[Caption-style text data]
*-*-*

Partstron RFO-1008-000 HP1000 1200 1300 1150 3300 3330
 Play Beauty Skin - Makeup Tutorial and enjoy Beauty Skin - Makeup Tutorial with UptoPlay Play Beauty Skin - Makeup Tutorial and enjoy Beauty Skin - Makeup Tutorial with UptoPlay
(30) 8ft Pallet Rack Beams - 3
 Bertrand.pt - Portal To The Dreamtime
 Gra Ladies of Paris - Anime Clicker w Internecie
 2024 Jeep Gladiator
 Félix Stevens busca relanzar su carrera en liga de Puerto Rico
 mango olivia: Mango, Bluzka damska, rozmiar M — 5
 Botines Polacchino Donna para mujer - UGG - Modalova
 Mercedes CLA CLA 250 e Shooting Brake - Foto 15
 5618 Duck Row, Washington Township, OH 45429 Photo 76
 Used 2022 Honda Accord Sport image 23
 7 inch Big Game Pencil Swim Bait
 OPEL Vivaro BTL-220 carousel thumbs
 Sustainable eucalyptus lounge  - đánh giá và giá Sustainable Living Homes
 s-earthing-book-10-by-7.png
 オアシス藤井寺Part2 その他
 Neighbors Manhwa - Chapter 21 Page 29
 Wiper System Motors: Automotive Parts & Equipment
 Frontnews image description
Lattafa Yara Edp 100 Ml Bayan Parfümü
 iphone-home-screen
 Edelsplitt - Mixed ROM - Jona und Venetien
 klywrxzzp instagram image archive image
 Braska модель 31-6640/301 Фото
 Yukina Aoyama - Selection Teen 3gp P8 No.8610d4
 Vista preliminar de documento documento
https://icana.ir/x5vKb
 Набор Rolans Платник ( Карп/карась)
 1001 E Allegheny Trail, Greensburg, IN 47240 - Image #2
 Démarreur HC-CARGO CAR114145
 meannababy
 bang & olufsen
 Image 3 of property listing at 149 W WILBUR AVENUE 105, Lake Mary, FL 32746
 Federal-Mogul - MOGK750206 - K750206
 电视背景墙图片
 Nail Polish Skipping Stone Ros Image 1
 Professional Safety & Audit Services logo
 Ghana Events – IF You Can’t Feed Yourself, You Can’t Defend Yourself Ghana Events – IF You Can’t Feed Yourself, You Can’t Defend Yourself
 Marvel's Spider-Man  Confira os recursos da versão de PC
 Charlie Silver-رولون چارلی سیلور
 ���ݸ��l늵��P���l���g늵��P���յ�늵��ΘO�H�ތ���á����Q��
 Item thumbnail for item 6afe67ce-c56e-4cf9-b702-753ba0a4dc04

*-*-*

**THE TASK**
Your task is to write out every record exactly.

**TASK RESULT**
Partstron RFO-1008-000 HP1000 1200 1300 1150 3300 3330
 Play Beauty Skin - Makeup Tutorial and enjoy Beauty Skin - Makeup Tutorial with UptoPlay Play Beauty Skin - Makeup Tutorial and enjoy Beauty Skin - Makeup Tutorial with UptoPlay
(30) 8ft Pallet Rack Beams - 3
 Bertrand.pt - Portal To The Dreamtime
 Gra Ladies of Paris - Anime Clicker w Internecie
 2024 Jeep Gladiator
 Félix Stevens busca relanzar su carrera en liga de Puerto Rico
 mango olivia: Mango, Bluzka damska, rozmiar M — 5
 Botines Polacchino Donna para mujer - UGG - Modalova
 Mercedes CLA CLA 250 e Shooting Brake - Foto 15
 5618 Duck Row, Washington Township, OH 45429 Photo 76
 Used 2022 Honda Accord Sport image 23
 7 inch Big Game Pencil Swim Bait
 OPEL Vivaro BTL-220 carousel thumbs
 Sustainable eucalyptus lounge  - đánh giá và giá Sustainable Living Homes
 s-earthing-book-10-by-7.png
 オアシス藤井寺Part2 その他
 Neighbors Manhwa - Chapter 21 Page 29
 Wiper System Motors: Automotive Parts & Equipment
 Frontnews image description
Lattafa Yara Edp 100 Ml Bayan Parfümü
 iphone-home-screen
 Edelsplitt - Mixed ROM - Jona und Venetien
 klywrxzzp instagram image archive image
 Braska модель 31-6640/301 Фото
 Yukina Aoyama - Selection Teen 3gp P8 No.8610d4
 Vista preliminar de documento documento
https://icana.ir/x5vKb
 Набор Rolans Платник ( Карп/карась)
 1001 E Allegheny Trail, Greensburg, IN 47240 - Image #2
 Démarreur HC-CARGO CAR114145
 meannababy
 bang & olufsen
 Image 3 of property listing at 149 W WILBUR AVENUE 105, Lake Mary, FL 32746
 Federal-Mogul - MOGK750206 - K750206
 电视背景墙图片
 Nail Polish Skipping Stone Ros Image 1
 Professional Safety & Audit Services logo
 Ghana Events – IF You Can’t Feed Yourself, You Can’t Defend Yourself Ghana Events – IF You Can’t Feed Yourself, You Can’t Defend Yourself
 Marvel's Spider-Man  Confira os recursos da versão de PC
 Charlie Silver-رولون چارلی سیلور
 ���ݸ��l늵��P���l���g늵��P���յ�늵��ΘO�H�ތ���á����Q��
 Item thumbnail for item 6afe67ce-c56e-4cf9-b702-753ba0a4dc04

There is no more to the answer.